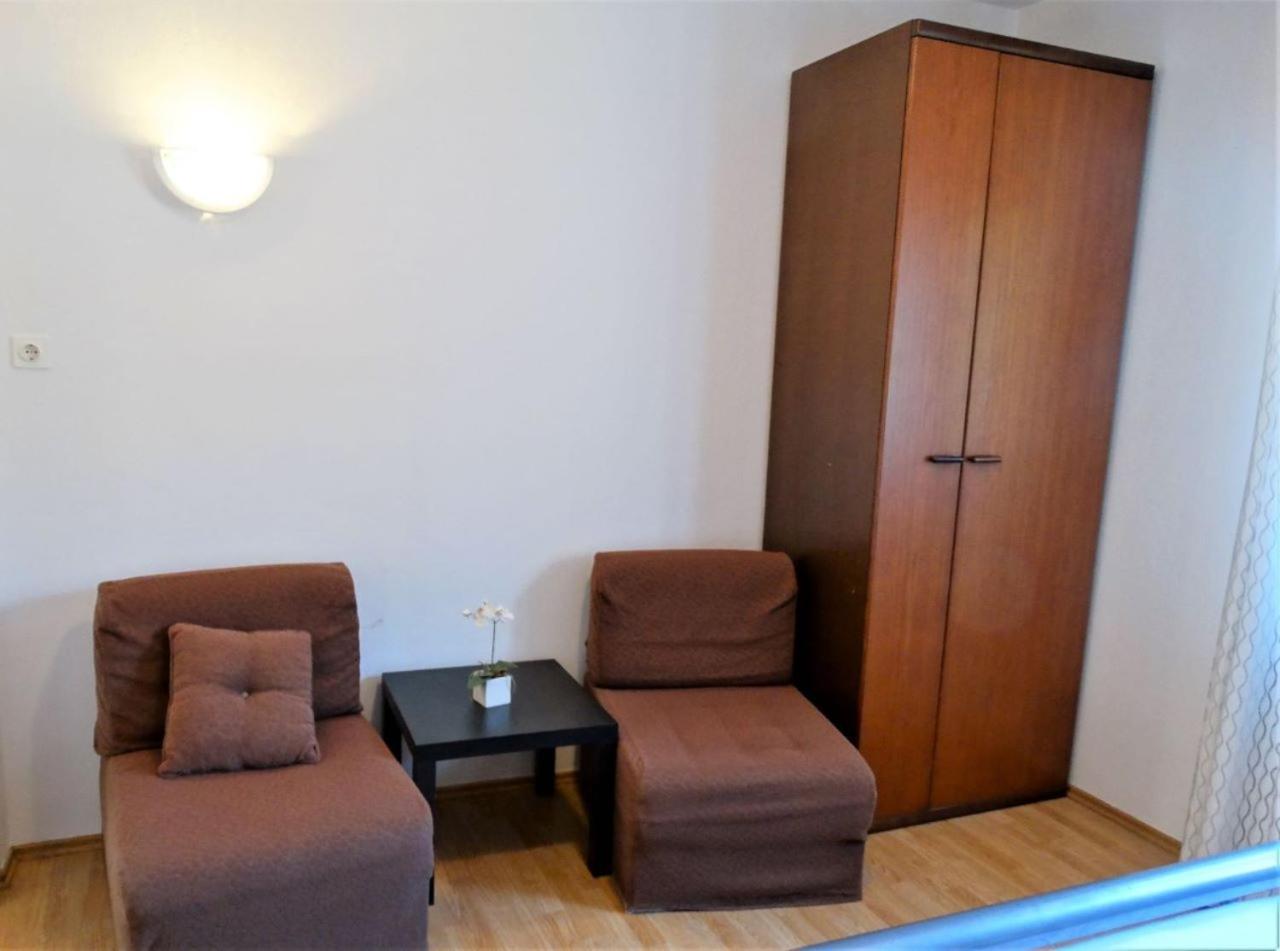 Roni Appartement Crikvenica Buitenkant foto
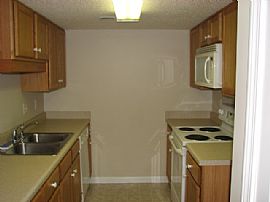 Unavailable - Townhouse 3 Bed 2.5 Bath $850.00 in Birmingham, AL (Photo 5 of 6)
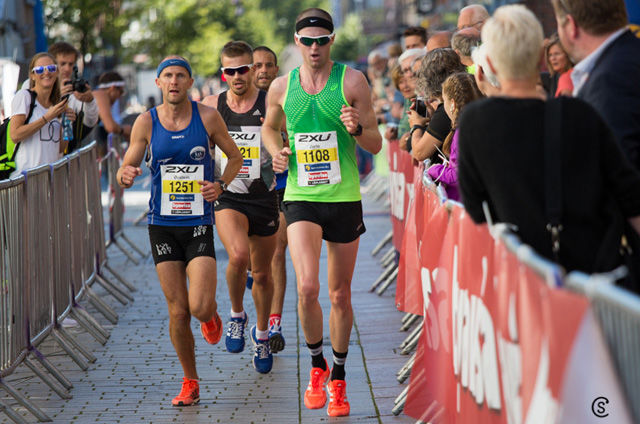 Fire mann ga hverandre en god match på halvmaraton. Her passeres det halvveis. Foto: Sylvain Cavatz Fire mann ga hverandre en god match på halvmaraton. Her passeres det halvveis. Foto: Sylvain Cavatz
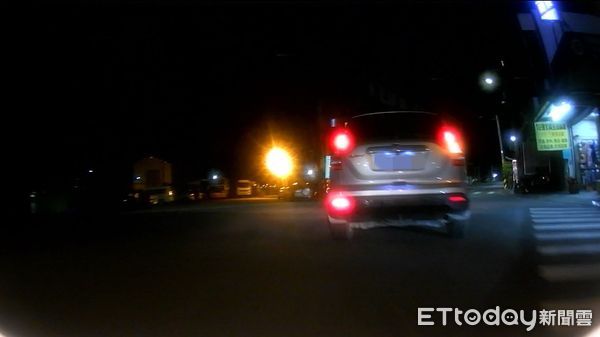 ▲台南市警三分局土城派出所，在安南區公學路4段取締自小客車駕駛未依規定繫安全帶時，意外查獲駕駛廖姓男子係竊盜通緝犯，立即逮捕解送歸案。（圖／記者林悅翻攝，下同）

+ + + + + + +

> _GOAL OF THE EXERCISE_:
Set down the material word for word, and drop every picture from it.

> _WRITTEN RESPONSE_:
 Roni Appartement Crikvenica Buitenkant foto
 Unavailable - Townhouse 3 Bed 2.5 Bath $850.00 in Birmingham, AL (Photo 5 of 6)
 Fire mann ga hverandre en god match på halvmaraton. Her passeres det halvveis. Foto: Sylvain Cavatz Fire mann ga hverandre en god match på halvmaraton. Her passeres det halvveis. Foto: Sylvain Cavatz
 ▲台南市警三分局土城派出所，在安南區公學路4段取締自小客車駕駛未依規定繫安全帶時，意外查獲駕駛廖姓男子係竊盜通緝犯，立即逮捕解送歸案。（圖／記者林悅翻攝，下同）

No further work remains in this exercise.